The {fHMM} package fits a hidden Markov model via the maximum-likelihood method, i.e. by numerically maximizing the likelihood function. This vignette1 derives the likelihood formula, discusses challenges associated with the likelihood maximization and presents the model estimation workflow.

Likelihood evaluation using the forward algorithm

Deriving the likelihood function of an hidden Markov model is part of the hierarchical case, hence the following only discusses the general case.

An HHMM can be treated as an HMM with two conditionally independent data streams; the coarse-scale observations on the one hand and the corresponding chunk of fine-scale observations connected to a fine-scale HMM on the other hand. To derive the likelihood of an HHMM, we start by computing the likelihood of each chunk of fine-scale observations being generated by each fine-scale HMM.

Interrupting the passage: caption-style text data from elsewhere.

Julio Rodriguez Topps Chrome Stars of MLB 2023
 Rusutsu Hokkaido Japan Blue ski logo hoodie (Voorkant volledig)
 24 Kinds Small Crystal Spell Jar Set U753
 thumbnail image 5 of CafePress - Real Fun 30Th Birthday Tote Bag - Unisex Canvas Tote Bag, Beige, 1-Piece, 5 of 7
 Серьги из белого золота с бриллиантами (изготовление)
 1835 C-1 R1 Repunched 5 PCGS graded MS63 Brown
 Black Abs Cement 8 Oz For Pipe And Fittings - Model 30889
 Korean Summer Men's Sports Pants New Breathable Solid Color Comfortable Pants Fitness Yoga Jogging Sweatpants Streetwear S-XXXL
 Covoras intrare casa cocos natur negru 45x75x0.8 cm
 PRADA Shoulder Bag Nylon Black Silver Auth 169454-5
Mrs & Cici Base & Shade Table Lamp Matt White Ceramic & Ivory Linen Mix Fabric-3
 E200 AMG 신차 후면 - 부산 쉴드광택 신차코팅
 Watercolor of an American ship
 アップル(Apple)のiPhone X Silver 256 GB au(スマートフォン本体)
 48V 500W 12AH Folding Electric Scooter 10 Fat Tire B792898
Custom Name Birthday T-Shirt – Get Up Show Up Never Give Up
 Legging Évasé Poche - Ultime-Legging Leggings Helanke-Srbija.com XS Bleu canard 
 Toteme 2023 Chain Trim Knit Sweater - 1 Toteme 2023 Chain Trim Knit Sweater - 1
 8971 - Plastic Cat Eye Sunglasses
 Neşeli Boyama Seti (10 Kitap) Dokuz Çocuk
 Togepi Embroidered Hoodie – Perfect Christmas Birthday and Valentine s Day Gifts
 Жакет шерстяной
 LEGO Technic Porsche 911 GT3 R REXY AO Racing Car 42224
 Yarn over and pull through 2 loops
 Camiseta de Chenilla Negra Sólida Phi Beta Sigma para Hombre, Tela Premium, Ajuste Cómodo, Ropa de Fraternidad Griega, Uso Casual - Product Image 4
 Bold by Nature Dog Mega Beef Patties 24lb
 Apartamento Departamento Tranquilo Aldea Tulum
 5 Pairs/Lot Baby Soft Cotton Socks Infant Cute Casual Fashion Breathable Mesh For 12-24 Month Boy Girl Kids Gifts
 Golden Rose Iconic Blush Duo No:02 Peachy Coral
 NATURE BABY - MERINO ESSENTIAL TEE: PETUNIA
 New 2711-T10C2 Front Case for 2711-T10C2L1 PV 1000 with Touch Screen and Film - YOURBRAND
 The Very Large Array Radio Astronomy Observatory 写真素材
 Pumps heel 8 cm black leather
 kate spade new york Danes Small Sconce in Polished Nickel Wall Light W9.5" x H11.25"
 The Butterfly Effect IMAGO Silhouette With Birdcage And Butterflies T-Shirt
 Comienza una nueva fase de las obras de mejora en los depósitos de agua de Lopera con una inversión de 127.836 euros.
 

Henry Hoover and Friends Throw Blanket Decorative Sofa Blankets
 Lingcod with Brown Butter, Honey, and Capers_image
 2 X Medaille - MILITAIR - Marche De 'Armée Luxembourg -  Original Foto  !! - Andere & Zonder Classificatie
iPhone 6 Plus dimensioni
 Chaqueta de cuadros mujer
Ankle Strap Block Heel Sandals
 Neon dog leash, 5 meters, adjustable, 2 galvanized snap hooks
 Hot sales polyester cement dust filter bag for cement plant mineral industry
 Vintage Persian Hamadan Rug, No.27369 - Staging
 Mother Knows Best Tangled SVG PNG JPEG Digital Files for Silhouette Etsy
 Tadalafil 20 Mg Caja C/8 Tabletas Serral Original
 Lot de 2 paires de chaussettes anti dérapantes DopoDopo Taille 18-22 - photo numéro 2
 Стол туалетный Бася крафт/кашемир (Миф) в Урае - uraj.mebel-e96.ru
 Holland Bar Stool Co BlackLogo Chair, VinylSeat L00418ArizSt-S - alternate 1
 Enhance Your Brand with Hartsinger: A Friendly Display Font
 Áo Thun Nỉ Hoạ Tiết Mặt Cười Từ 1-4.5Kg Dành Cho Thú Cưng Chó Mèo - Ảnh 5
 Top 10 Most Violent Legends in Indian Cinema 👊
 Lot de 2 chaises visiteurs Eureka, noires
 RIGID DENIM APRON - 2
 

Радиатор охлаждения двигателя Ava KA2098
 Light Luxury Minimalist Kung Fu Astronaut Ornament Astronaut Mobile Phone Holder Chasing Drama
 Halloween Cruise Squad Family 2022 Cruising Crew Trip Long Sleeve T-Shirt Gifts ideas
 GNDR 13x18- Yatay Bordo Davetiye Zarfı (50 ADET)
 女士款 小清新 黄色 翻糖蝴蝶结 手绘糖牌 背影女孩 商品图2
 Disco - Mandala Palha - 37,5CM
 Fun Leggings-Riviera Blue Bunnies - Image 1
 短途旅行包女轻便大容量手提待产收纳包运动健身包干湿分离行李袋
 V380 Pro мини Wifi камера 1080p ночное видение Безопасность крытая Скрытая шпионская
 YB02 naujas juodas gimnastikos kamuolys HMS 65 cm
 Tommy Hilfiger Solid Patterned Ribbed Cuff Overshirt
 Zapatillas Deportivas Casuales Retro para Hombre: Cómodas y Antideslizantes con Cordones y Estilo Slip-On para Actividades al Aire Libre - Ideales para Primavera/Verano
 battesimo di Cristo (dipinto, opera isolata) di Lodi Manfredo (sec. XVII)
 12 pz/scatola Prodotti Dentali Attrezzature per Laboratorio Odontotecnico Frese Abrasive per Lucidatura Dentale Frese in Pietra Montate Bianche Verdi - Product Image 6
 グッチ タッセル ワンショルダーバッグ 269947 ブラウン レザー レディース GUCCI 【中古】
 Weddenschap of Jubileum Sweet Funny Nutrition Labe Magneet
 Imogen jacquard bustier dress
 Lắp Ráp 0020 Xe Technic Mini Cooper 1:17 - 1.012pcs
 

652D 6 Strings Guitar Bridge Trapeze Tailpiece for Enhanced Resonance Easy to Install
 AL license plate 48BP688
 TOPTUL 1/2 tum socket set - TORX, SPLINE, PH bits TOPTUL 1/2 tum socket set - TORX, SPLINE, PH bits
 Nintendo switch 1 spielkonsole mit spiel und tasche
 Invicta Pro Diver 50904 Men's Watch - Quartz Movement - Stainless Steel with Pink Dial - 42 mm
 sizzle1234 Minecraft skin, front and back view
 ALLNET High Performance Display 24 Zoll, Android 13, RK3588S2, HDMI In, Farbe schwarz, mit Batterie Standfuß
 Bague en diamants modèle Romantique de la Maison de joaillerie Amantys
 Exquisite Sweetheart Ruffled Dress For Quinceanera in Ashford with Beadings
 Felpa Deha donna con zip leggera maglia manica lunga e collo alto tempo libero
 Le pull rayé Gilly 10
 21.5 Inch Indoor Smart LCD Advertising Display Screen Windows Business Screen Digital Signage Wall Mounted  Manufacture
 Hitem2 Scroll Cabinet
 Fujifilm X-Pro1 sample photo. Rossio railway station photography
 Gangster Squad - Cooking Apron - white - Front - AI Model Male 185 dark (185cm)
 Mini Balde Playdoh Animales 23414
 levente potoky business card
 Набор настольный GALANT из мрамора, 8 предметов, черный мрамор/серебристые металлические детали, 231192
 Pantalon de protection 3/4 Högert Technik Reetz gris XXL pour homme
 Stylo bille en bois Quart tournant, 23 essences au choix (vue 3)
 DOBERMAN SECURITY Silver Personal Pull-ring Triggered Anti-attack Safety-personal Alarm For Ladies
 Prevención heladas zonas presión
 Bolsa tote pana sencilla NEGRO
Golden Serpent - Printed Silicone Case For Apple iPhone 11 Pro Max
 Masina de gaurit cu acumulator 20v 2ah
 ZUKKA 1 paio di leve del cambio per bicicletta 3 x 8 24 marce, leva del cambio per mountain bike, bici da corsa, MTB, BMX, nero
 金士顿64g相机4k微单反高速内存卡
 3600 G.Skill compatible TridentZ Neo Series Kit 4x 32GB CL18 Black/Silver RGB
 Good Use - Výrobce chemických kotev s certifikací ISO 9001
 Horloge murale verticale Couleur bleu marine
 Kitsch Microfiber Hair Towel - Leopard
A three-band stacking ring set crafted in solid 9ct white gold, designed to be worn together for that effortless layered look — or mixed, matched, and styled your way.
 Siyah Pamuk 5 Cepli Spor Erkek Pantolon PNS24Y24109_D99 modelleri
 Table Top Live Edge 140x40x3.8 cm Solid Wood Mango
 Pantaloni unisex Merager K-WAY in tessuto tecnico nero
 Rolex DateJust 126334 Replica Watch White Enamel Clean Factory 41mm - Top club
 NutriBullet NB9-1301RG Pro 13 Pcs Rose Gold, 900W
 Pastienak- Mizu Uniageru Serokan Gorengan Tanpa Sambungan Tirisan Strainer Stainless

To fit the \(i\)-th fine-scale HMM, with model parameters \(\theta^{*(i)}=(\delta^{*(i)}, \Gamma^{*(i)},(f^{*(i,k)})_k)\) to the \(t\)-th chunk of fine-scale observations, which is denoted by \((X_{t,t^*})_{t^*}\), we consider the fine-scale forward probabilities \[\begin{align*} \alpha^{*(i)}_{k,t^*}=f^{*(i)}(X^*_{t,1},\dots,X^*_{t,t^*}, S^*_{t,t^*}=k), \end{align*}\] where \(t^*=1,\dots,T^*\) and \(k=1,\dots,N^*\). Using the fine-scale forward probabilities, the fine-scale likelihoods can be obtained from the law of total probability as \[\begin{align*} \mathcal{L}^\text{HMM}(\theta^{*(i)}\mid (X^*_{t,t^*})_{t^*})=\sum_{k=1}^{N^*}\alpha^{*(i)}_{k,T^*}. \end{align*}\] The forward probabilities can be calculated in a recursively as \[\begin{align*} \alpha^{*(i)}_{k,1} &= \delta^{*(i)}_k f^{*(i,k)}(X^*_{t,1}), \\ \alpha^{*(i)}_{k,t^*} &= f^{*(i,k)}(X^*_{t,t^*})\sum_{j=1}^{N^*}\gamma^{*(i)}_{jk}\alpha^{*(i)}_{j,t^*-1}, \quad t^*=2,\dots,T^*. \end{align*}\]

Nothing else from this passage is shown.